## Assigned task
Print the records below exactly, starting at the first line and stopping after the line that contains "Imari scalloped dish". Leave out any pictures.

++++ Data for analysis

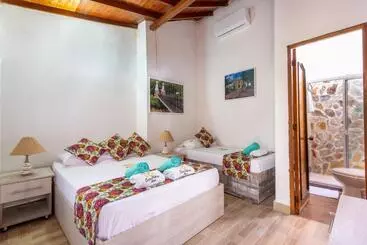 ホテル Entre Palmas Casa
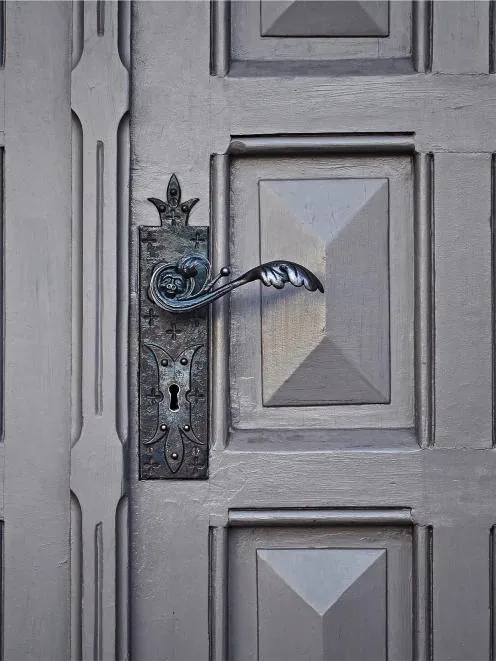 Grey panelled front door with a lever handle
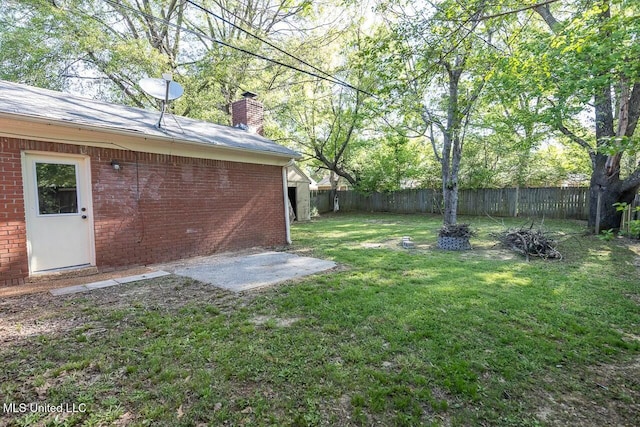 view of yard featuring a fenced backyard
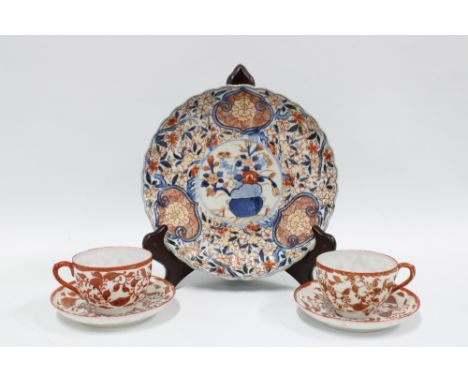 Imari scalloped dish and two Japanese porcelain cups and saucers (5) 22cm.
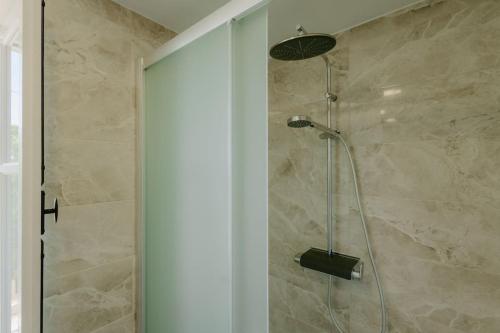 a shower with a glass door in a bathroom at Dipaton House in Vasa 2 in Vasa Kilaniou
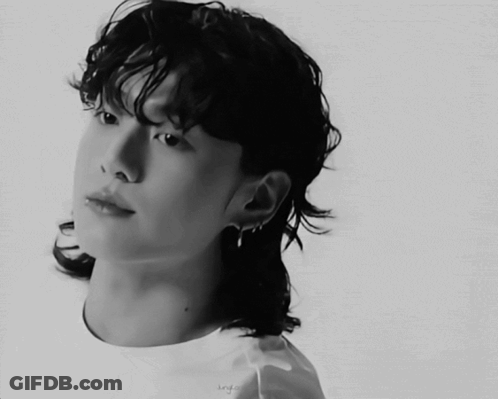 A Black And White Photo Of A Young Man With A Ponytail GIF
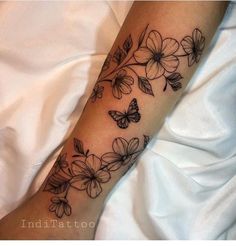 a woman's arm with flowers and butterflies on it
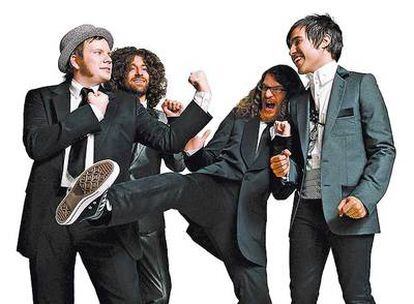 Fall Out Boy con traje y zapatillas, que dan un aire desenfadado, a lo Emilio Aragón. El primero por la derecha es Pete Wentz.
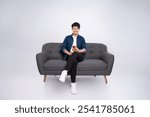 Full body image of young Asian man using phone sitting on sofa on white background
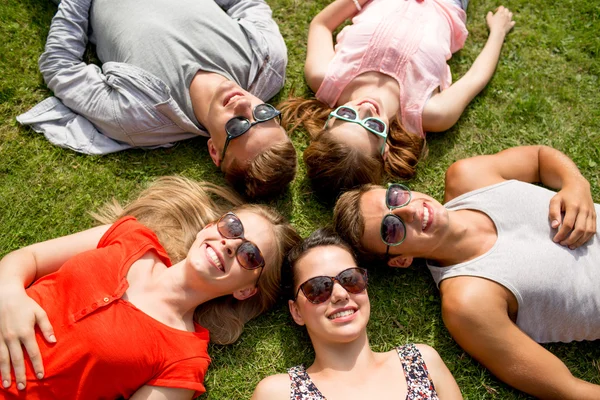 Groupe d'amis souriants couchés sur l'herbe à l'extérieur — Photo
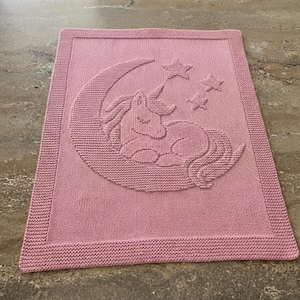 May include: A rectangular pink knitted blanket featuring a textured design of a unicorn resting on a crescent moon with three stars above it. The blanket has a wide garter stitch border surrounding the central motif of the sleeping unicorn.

++++++++

## Problem solution
 ホテル Entre Palmas Casa
 Grey panelled front door with a lever handle
 view of yard featuring a fenced backyard
 Imari scalloped dish and two Japanese porcelain cups and saucers (5) 22cm.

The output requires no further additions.